> **WHAT YOU ARE ASKED TO DO**: Nothing but the line containing "45_jpg Pure Handloom" and the lines after it in the entries below should appear, each repeated exactly.

> **EXCERPTED DATA**:
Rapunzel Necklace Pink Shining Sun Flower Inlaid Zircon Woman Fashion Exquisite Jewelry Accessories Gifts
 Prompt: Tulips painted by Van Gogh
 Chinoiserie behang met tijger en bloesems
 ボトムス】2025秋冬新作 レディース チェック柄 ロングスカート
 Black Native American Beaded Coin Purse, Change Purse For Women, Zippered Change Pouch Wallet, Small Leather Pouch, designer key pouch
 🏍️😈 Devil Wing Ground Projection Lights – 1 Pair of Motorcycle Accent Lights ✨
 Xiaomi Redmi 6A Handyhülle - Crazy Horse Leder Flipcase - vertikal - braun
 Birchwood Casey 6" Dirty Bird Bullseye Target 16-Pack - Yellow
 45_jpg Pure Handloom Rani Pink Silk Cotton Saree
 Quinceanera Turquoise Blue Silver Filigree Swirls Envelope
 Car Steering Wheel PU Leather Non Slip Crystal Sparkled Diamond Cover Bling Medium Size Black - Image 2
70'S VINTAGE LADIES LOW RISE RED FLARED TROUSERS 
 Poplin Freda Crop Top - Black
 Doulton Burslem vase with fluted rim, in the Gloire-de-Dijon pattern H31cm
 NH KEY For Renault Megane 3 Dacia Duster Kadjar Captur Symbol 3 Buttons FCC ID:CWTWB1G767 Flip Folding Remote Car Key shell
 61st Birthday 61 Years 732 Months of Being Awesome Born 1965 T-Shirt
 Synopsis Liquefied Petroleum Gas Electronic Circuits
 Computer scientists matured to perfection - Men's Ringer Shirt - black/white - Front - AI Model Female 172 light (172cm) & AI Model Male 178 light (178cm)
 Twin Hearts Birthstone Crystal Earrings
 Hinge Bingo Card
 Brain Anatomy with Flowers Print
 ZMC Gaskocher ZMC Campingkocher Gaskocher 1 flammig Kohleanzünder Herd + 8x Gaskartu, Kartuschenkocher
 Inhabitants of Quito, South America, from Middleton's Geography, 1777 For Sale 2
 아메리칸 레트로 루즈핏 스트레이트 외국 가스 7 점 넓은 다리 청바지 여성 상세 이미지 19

> **COMPLETED TASK**:
 45_jpg Pure Handloom Rani Pink Silk Cotton Saree
 Quinceanera Turquoise Blue Silver Filigree Swirls Envelope
 Car Steering Wheel PU Leather Non Slip Crystal Sparkled Diamond Cover Bling Medium Size Black - Image 2
70'S VINTAGE LADIES LOW RISE RED FLARED TROUSERS 
 Poplin Freda Crop Top - Black
 Doulton Burslem vase with fluted rim, in the Gloire-de-Dijon pattern H31cm
 NH KEY For Renault Megane 3 Dacia Duster Kadjar Captur Symbol 3 Buttons FCC ID:CWTWB1G767 Flip Folding Remote Car Key shell
 61st Birthday 61 Years 732 Months of Being Awesome Born 1965 T-Shirt
 Synopsis Liquefied Petroleum Gas Electronic Circuits
 Computer scientists matured to perfection - Men's Ringer Shirt - black/white - Front - AI Model Female 172 light (172cm) & AI Model Male 178 light (178cm)
 Twin Hearts Birthstone Crystal Earrings
 Hinge Bingo Card
 Brain Anatomy with Flowers Print
 ZMC Gaskocher ZMC Campingkocher Gaskocher 1 flammig Kohleanzünder Herd + 8x Gaskartu, Kartuschenkocher
 Inhabitants of Quito, South America, from Middleton's Geography, 1777 For Sale 2
 아메리칸 레트로 루즈핏 스트레이트 외국 가스 7 점 넓은 다리 청바지 여성 상세 이미지 19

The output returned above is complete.